- SALVATORE CAPUTO E ... SICINDUSTRIA
Salvatore Caputo ha compreso chiaramente questo collegamento osmotico ed ha dato vita a realizzazioni pittoriche che, pur rimanendo fedeli al suo operare di un sognante surreale, ha rappresentato monumenti siciliani di varie epoche, ricchi di storia, ambasciatori che giungono da epoche lontane, a narrarci del fervido operare di uomini che hanno dato concretezza ad una “sicilianità”che è intelligenza, intuizione, voglia di fare a dispetto di enormi difficoltà ambientali e storiche.
Nell’osservare “tramonto sul sacrario dei caduti di Catania, si rimane, per un attimo, sospesi tra ricordi dolorosi ed intima nostalgia nel ricordo commosso di uomini che alla propria patria hanno donato il bene più prezioso, la vita, fondando sul loro sacrificio l’avvenire di una Terra a volte “amara”, ma sempre amata nel ricordo di una realtà felice.
Osservando le copertine di “Sicindustria”, ha inizio un percorso di “conoscenze” storiche, ammiriamo infatti, l’elimo tempio di Segesta, solitario santuario di divinità mendaci che il sole del tramonto “dipinge” di rosa, il tufo poroso delle possenti colonne, abbandona il caldo colore naturale, per salutare un altro giorno che va ad aggiungersi ai millenni di quelle splendide vestigia.
Il “Duomo di Monreale”riconduce ad una Sicilia normanna, ad una età felice quando l’Isola fu prospera di iniziative culturali e mercantili, una severità costruttiva che contrastava apertamente con un tenore di vita ereditato dal mondo arabo, spiritualmente estremo, umanamente ludico.
Le grezze superfici murarie del Duomo di Monreale occultano uno scrigno di infinite bellezze, uno sfarzo di ori, di turchesi e di marmi preziosi che Caputo non ignora, ma che privilegia uno allo sfarzo, la semplicità di linee architettoniche che nella semplicità delle volumetrie trovano l’orgoglio costruttivo di aver creato un capolavoro che la semplicità non offusca, anzi nobilita e impone al mondo ammirato.

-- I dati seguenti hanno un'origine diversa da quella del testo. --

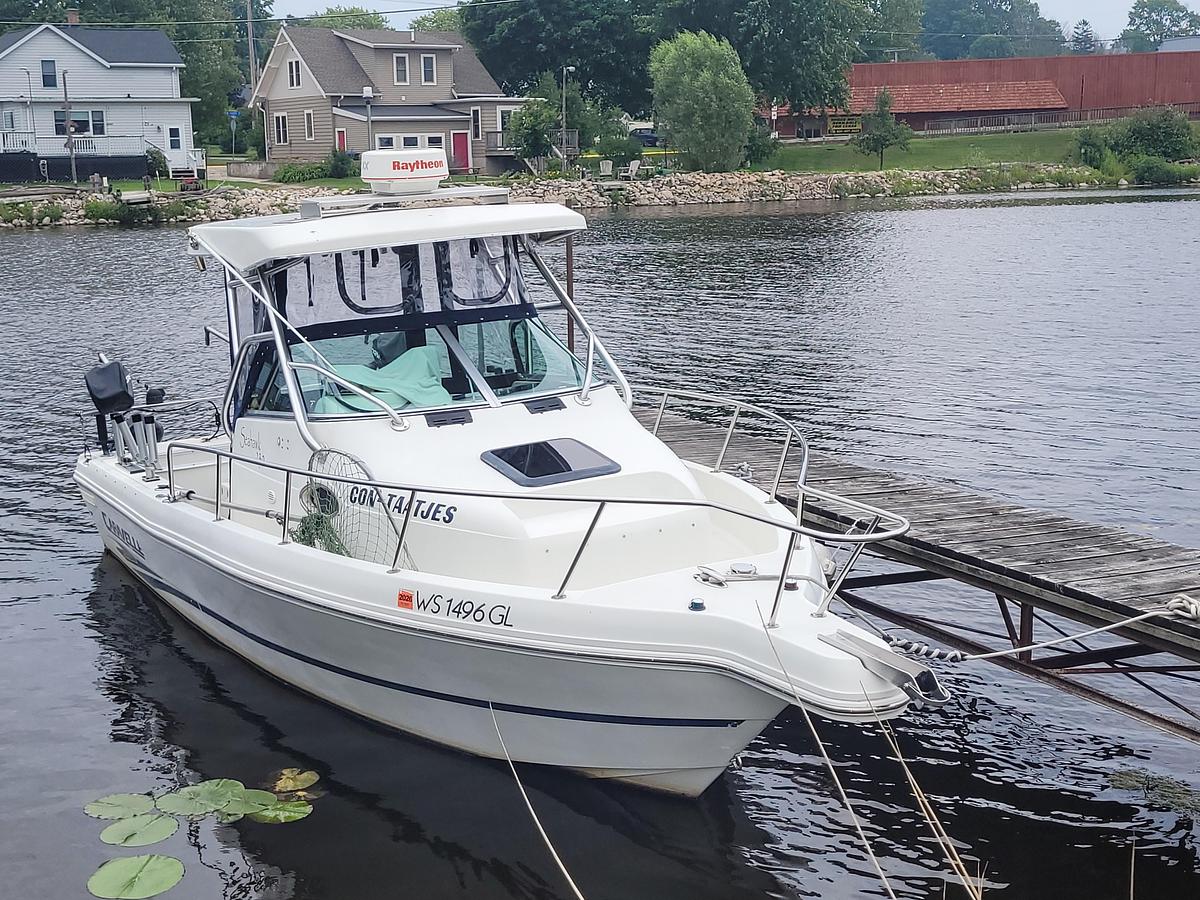 Used 2003 Caravelle Sea Hawk 230 Walk Around OB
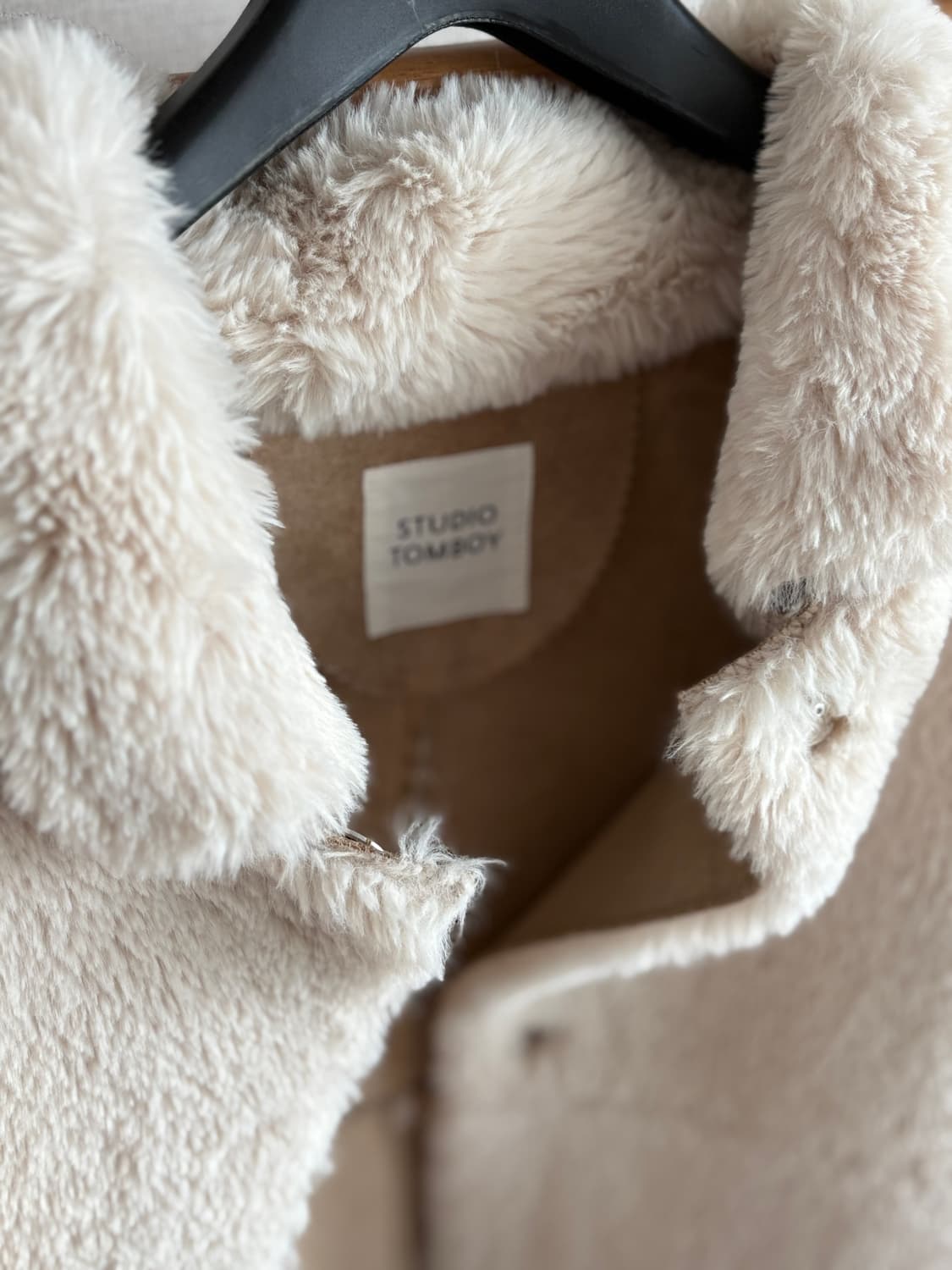 스튜디오톰보이 에코퍼 숏 무스탕  상품이미지2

Il “Teatro di Taormina”, scenografia irripetibile immaginata e realizzata per bellezza da Greci e Romani che, nel tempo ha immortalato le “tragedie” di ogni epoca su un fondale che toglie il fiato incomparabile per bellezza incomparabile e per l’ammonitore cono dell’Etna che, a breve distanza, si staglia in un cielo di azzurro cheto “popolato” da una leggiadra nube che adombra il “burbero” ammonire del gigante che riposa le possenti membra sempre pronte a lanciarsi in laceranti ire, messaggere di morte e sicura distruzione.